WORK REQUEST
Output the entries as they appear, skipping images.

(Entries taken from a collection)
· · · · · · ·

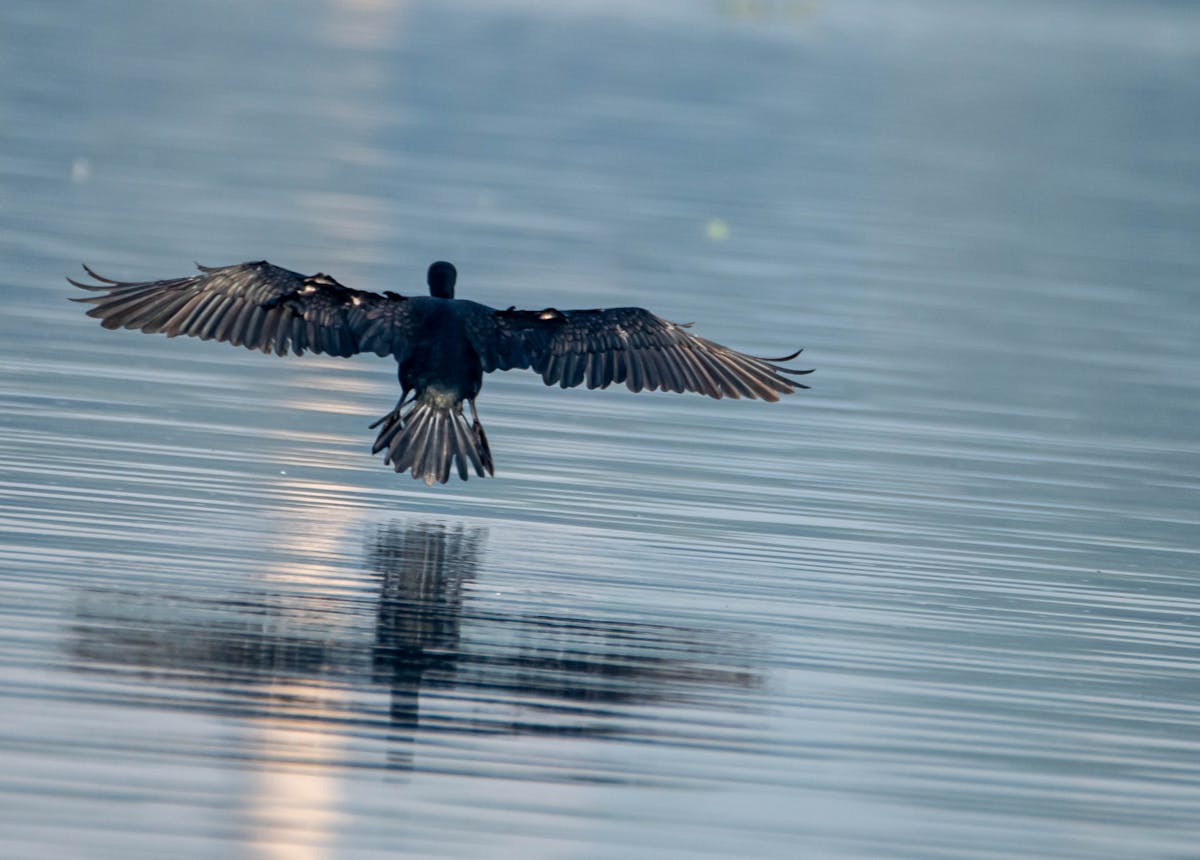 ¿Se Tenía Que Decir y Se Dijo? El Gmail te está Vigilando ...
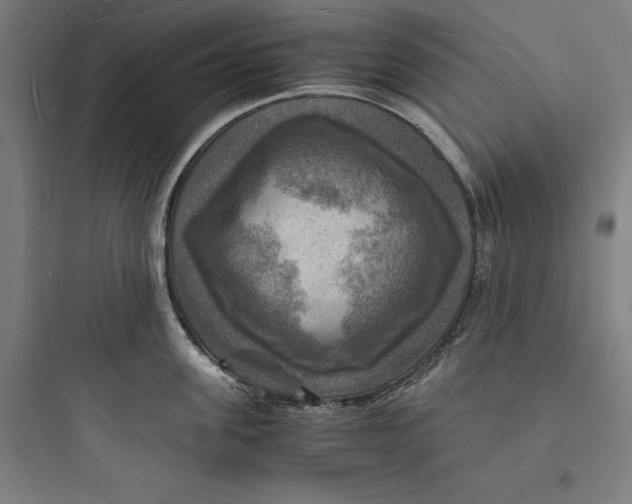 X0000093730955200711060958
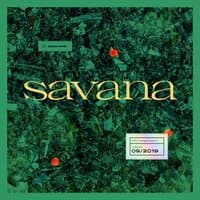 Savana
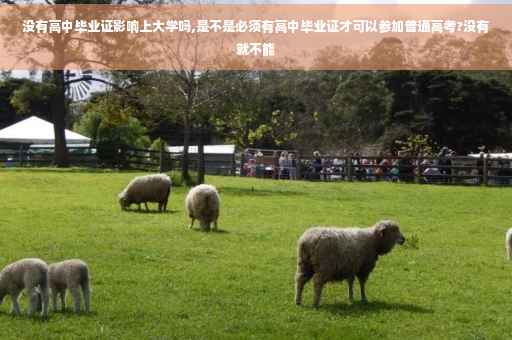 没有高中毕业证影响上大学吗,是不是必须有高中毕业证才可以参加普通高考?没有就不能 没有高中毕业证影响上大学吗,是不是必须有高中毕业证才可以参加普通高考?没有就不能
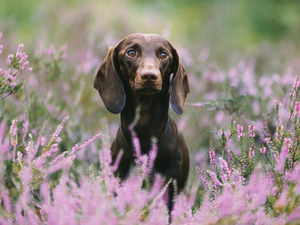 heathers, Brown, Dachshund Shorthair
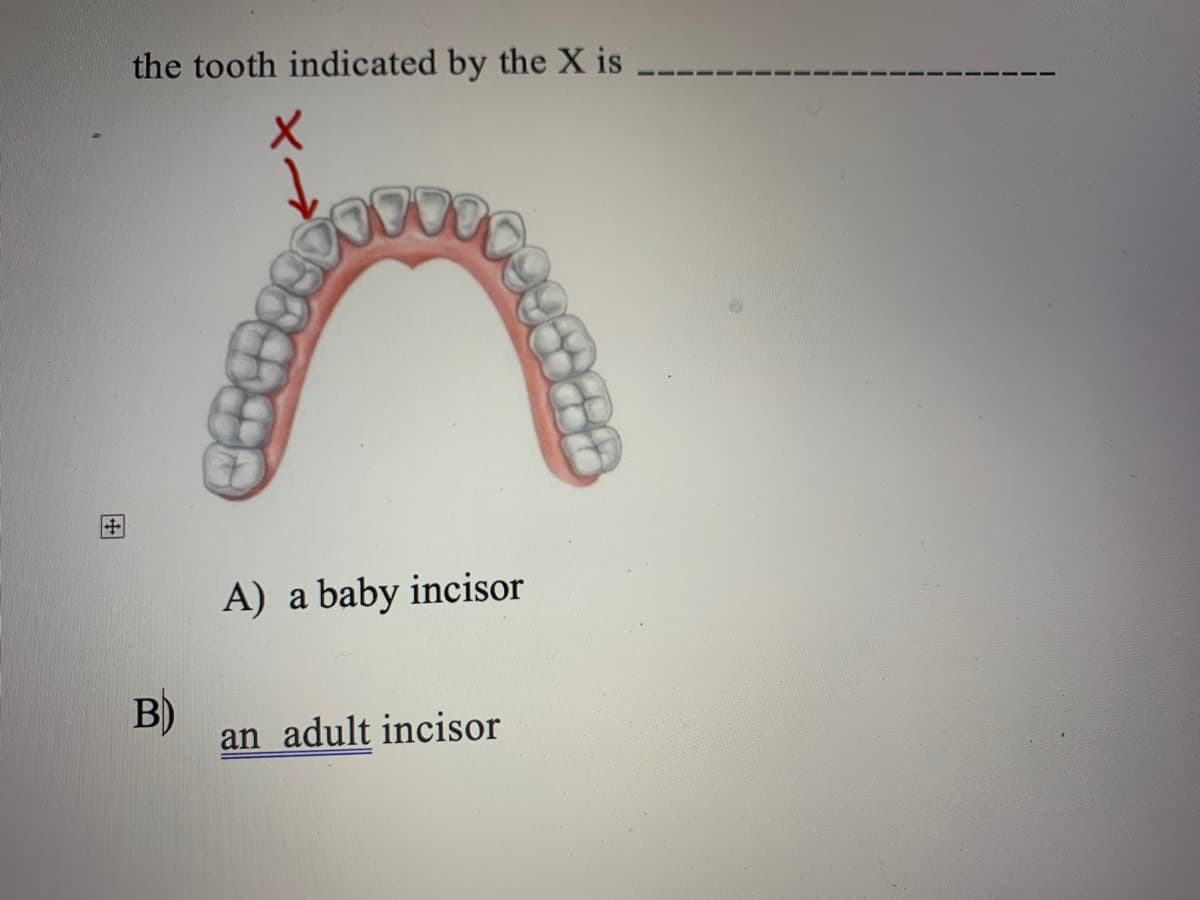 the tooth indicated by the X is
A) a baby incisor
B)
an adult incisor
田
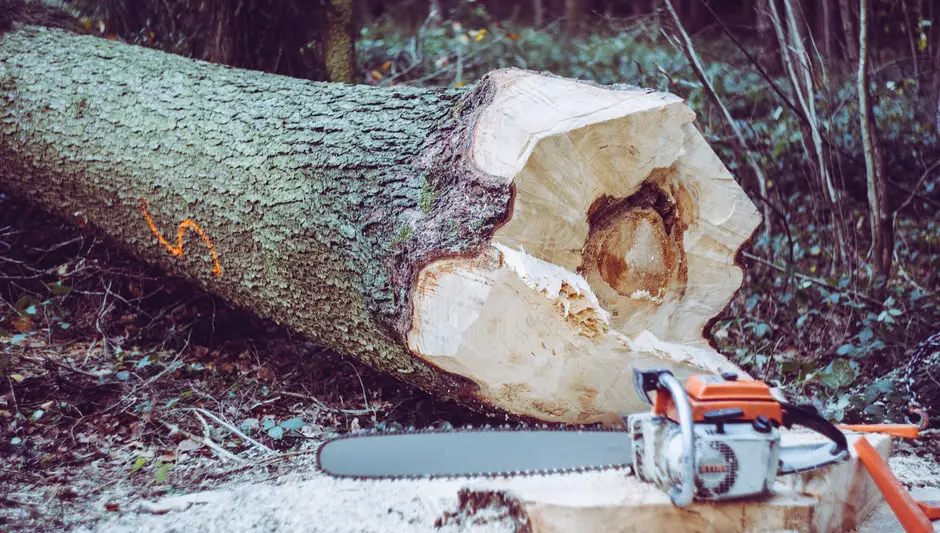 How To Start A Stihl Ms250 Chainsaw? (Check This First)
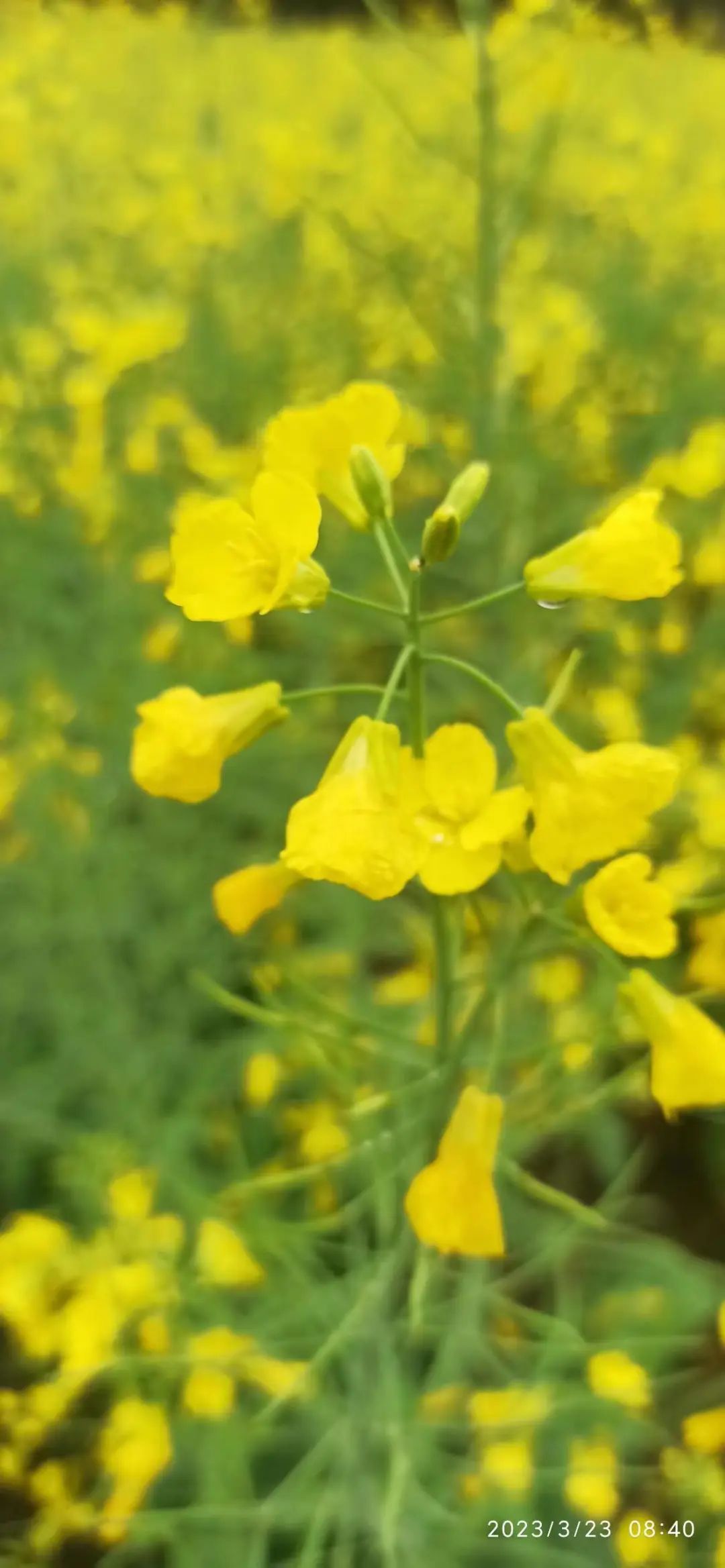 新品积分可兑换世界名品。还有乡土特产 人间仙居 的 菜籽油 茶油 黄豆 黑豆 笋干 地瓜粉 野蜂蜜...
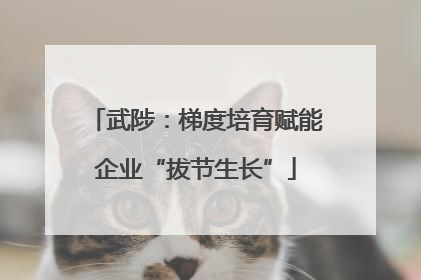 武陟：梯度培育赋能企业“拔节生长”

· · · · · · ·

TASK ANSWER
 ¿Se Tenía Que Decir y Se Dijo? El Gmail te está Vigilando ...
 X0000093730955200711060958
 Savana
 没有高中毕业证影响上大学吗,是不是必须有高中毕业证才可以参加普通高考?没有就不能 没有高中毕业证影响上大学吗,是不是必须有高中毕业证才可以参加普通高考?没有就不能
 heathers, Brown, Dachshund Shorthair
 the tooth indicated by the X is
A) a baby incisor
B)
an adult incisor
田
 How To Start A Stihl Ms250 Chainsaw? (Check This First)
 新品积分可兑换世界名品。还有乡土特产 人间仙居 的 菜籽油 茶油 黄豆 黑豆 笋干 地瓜粉 野蜂蜜...
 武陟：梯度培育赋能企业“拔节生长”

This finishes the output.